# Painting cheap argos wood!



## tbwilx (Aug 9, 2013)

Hi everyone, 

Hopefully this thread is not too common on here and you won't mind giving me some advice!

I have just moved into a new place and would like to paint some of the rubbish furniture we have in the living room, instead of splashing out on new items. 

These are the items:




















I want to give them a dark brown, wood stain kind of finish. However im wondering if there would be any complications in doing this as the wood is very very cheap from place such as Argos.

Would it be okay to simply sand back and stain? Or use dye? Or am I looking at just painting it dark brown and loosing the character in the wood?

By the way, in case you hadn't noticed.. im a complete novice!

Any advice would be really appreciated! 

Thanks


----------



## Hammer1 (Aug 1, 2010)

It doesn't look like you actually have wood. It appears to be plastic laminate that looks like wood. Being plastic, it doesn't accept paint easily. With some preparation, it can be painted but there will be no wood characteristics like texture. The painted surface will be fragile since paint won't adhere particularly well to that substrate. Paint would easily scratch off as would any coating like a stain. Attempting to apply a coating would be futile. Time to buy or build something else. I think you have to know when to hold 'em and when to fold 'em.


----------



## tbwilx (Aug 9, 2013)

thanks for the advice. Yea it certainly is cheap, im not sure of its a plastic, maybe a sort of coated chip board? On further though, I think ill take your advice and dig deep into my pockets for new furniture!


----------



## Dave Paine (May 30, 2012)

FYI, most folks in the US will not recognise the company Argos.

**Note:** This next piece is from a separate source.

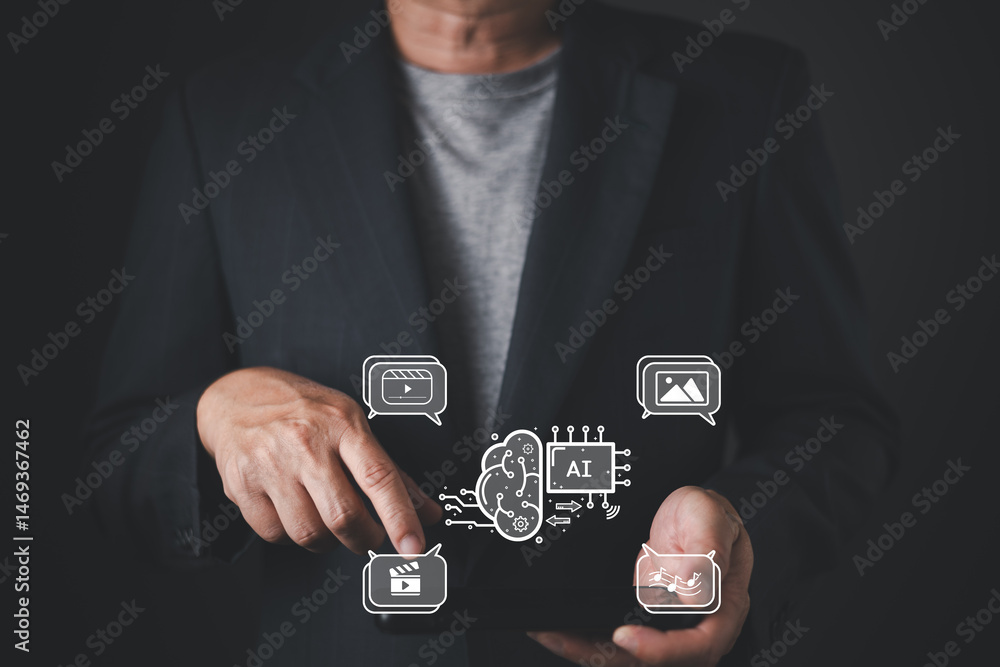 Poster a person in a suit uses a digital tablet with floating icons representing ai, content creation, use,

It looks like melamine with a wood pattern over chip board.

This can be painted, although as stated in another reply, it will cover the grain pattern and be prone to scratches showing the melamine surface.

A local big box DIY place should have paint which will adhere to plastic surfaces. You may need to sand the surface to improve adhesion.

Like the other reply, I would consider painting as a last resort. It will be better to replace the furniture.


----------